In an interview to this newspaper just before she retired as deputy governor of the Reserve Bank of India (RBI), Usha Thorat gave a fascinating comparison between the styles of the four governors she worked with. C. Rangarajan had a professorial approach to the job; Bimal Jalan had an intuitive understanding of market psychology and avoided corner solutions; Y.V. Reddy thought strategically and was an ideas person; D. Subbarao is a consensus man and very keen on improving communications between the central bank and the outside world.
The new openness at the Indian central bank is welcome. RBI has traditionally not scored very well in indices that measure transparency at central banks. Opacity tends to confuse the financial markets and reduces the efficacy of monetary policy. A lot has changed over the past decade. Recent moves such as the move to policy announcements every six weeks rather than every three months and clear guidance in these statements about the end of policy normalization (in September) or a temporary pause in monetary tightening (in October) are important steps towards more frequent communication and more openness.
RBI has also started putting transcripts of its post-policy conference calls on its website. The latest such conference call with researchers and analysts was held on 3 November. It makes for interesting reading, because it gives us some insights into how the central bank thinks about various macroeconomic parameters that are important inputs in monetary policy.
1. India’s potential output
How much output an economy can generate without sparking off inflation is a key consideration of monetary policy, because it allows the central bank to take early calls on recessions and inflation accelerations. Governor Subbarao told one of the analysts attending the conference call that the Indian economy is currently growing at near its trend rate. In response to a question on overheating, deputy governor Subir Gokarn hints that there was clear overheating in 2006-08, when India was growing at between 9% and 9.5% and the global economy too was growing “at very close to…its potential and perhaps even exceeding it”. This is perhaps a sign that RBI takes both local and global potential output into account to assess the impact of current growth on inflation.

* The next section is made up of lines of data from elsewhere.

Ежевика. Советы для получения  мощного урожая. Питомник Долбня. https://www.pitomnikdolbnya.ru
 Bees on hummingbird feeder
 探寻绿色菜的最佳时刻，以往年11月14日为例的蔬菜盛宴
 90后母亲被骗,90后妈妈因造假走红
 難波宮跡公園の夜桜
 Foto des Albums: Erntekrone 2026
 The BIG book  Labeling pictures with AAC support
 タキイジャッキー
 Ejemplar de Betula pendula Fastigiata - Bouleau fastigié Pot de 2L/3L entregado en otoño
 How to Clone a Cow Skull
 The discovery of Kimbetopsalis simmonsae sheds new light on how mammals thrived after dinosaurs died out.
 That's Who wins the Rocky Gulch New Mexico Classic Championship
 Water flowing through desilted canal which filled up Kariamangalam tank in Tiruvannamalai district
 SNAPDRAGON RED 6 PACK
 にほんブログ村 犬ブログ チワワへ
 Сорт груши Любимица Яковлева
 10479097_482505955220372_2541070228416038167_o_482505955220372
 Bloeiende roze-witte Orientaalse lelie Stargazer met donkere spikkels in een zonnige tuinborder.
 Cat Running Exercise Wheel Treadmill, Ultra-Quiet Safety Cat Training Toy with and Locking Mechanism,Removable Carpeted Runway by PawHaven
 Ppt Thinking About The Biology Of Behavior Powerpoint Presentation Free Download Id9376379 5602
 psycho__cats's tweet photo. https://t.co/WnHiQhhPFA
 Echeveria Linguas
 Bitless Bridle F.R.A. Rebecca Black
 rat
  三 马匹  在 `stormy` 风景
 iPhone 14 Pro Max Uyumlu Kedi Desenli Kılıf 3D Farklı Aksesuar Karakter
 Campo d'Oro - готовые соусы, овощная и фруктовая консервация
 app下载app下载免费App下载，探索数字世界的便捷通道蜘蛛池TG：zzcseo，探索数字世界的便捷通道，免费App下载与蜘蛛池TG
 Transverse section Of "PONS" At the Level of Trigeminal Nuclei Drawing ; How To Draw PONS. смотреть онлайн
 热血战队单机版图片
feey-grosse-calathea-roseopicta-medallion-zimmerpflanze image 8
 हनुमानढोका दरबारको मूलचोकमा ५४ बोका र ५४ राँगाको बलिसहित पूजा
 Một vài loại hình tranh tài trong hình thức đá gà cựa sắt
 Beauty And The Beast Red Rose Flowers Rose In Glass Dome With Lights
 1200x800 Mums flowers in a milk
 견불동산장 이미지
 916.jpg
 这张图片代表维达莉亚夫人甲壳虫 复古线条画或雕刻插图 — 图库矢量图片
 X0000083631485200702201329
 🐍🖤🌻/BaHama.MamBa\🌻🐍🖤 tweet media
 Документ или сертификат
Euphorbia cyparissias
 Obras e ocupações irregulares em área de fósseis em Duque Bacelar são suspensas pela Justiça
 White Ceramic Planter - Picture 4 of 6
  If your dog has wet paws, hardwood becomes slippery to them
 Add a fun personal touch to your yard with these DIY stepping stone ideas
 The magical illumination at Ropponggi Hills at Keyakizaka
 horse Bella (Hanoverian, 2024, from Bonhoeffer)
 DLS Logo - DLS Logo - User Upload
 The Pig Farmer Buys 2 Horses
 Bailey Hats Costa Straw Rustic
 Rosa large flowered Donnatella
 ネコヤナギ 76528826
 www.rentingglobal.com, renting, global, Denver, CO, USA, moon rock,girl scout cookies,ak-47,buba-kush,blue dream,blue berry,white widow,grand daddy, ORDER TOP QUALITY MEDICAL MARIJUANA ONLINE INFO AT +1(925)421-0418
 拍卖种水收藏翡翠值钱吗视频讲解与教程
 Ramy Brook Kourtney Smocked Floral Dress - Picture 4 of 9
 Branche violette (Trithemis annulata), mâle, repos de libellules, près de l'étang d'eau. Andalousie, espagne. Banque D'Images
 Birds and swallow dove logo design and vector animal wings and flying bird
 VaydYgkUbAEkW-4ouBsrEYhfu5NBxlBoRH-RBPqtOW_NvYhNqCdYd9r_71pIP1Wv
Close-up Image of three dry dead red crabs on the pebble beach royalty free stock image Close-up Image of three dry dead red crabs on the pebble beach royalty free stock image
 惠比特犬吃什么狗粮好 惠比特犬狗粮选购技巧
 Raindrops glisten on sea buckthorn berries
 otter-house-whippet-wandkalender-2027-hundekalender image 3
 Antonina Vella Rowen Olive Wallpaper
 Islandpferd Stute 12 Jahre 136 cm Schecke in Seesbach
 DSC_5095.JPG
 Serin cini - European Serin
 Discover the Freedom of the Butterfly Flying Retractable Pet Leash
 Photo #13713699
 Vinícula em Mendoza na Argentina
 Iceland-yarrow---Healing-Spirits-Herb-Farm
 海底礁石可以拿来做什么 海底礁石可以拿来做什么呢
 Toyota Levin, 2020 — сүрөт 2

2. The neutral policy rate
A policy rate can be said to be neutral when it neither stimulates an economy nor consciously slows it. Gokarn explained this issue with great clarity. “We do not really have a number explicitly, but to give you a sort of back of the envelope reasoning that is useful, if you look at our peak growth period before the crisis, in a situation where we were overheating, the repo rate was at 9%. If you look at the trough when we were trying to deal with the crisis, it was 4.75%. So in a sense these two numbers establish some sort of a boundary condition…” He goes on to say that India is entering the neutral zone though there is no one explicit number.
3. The money multiplier
A central bank creates reserve money through its balance sheet expansion. The amount of broad money (M3) in an economy is usually a multiple of reserve money, thanks to the credit creation by commercial banks. Reserve money growth in this fiscal has been higher than last year (after adjusting for the cash reserve ratio), but money supply has not grown at the requisite pace. In fact, M3 growth this year has almost consistently been below the trajectory that RBI is comfortable with. Deputy governor K.C. Chakrabarty explained to a questioner that the money multiplier was lower because people held far more currency than last year. Once again, the Indian central bank does not have an explicit money multiplier number, but behavioural choices of Indians between holding money in cash or in bank deposits do affect the money multiplier. That is perhaps why RBI has been doing some open market operations in recent weeks, to push up reserve money growth.
No central bank will show its full hand. It has to keep some cards hidden. Nor will a central bank provide explicit numbers on parameters such as potential output, its neutral rate and the money multiplier. But the discussions that the Indian central bank has been putting up for public viewing on its website go a long way to help us understand at least some strands of its thinking on technical issues.
Subbarao has done well to focus so intensely on clear communication. I hope this is not the end of the road as far as transparency initiatives go. RBI can do more. Many central banks in the developed markets release the minutes of their internal discussions on monetary policy, albeit with a time lag. Others have made public the econometric models used by central bank economists to assess the direction of output and inflation.
Will we have these in India as well?